In the records below, find the line that contains "Photo of Handsome" and the line that contains "View the sunset", then retype exactly those two lines and every line between them.
====
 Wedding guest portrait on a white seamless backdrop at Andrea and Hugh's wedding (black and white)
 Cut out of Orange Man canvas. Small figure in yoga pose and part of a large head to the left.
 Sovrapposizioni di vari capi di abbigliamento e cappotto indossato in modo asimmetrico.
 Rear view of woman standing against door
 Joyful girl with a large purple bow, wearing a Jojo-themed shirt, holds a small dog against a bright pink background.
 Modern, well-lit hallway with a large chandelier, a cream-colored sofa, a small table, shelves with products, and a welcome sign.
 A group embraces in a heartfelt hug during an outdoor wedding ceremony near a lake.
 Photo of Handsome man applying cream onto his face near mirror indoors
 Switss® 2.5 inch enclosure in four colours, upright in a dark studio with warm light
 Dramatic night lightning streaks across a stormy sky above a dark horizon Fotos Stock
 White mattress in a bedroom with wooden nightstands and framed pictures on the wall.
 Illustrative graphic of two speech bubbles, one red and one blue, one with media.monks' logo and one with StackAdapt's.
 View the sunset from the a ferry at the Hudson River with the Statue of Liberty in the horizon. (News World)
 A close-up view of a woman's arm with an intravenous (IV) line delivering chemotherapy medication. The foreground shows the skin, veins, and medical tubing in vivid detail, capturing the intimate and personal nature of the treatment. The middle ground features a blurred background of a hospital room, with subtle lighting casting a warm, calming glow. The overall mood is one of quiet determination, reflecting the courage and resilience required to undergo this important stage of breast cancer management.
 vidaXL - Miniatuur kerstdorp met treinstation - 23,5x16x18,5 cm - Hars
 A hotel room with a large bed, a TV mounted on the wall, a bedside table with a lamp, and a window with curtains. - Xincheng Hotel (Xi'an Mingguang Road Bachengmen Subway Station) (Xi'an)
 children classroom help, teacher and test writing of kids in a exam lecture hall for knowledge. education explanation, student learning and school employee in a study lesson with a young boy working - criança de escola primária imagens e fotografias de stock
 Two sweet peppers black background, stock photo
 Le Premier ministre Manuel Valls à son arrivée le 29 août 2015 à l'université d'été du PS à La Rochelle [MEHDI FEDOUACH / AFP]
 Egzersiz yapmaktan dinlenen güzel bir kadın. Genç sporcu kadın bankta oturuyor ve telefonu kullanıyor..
====
> OUTPUT OF THE TASK
 Photo of Handsome man applying cream onto his face near mirror indoors
 Switss® 2.5 inch enclosure in four colours, upright in a dark studio with warm light
 Dramatic night lightning streaks across a stormy sky above a dark horizon Fotos Stock
 White mattress in a bedroom with wooden nightstands and framed pictures on the wall.
 Illustrative graphic of two speech bubbles, one red and one blue, one with media.monks' logo and one with StackAdapt's.
 View the sunset from the a ferry at the Hudson River with the Statue of Liberty in the horizon. (News World)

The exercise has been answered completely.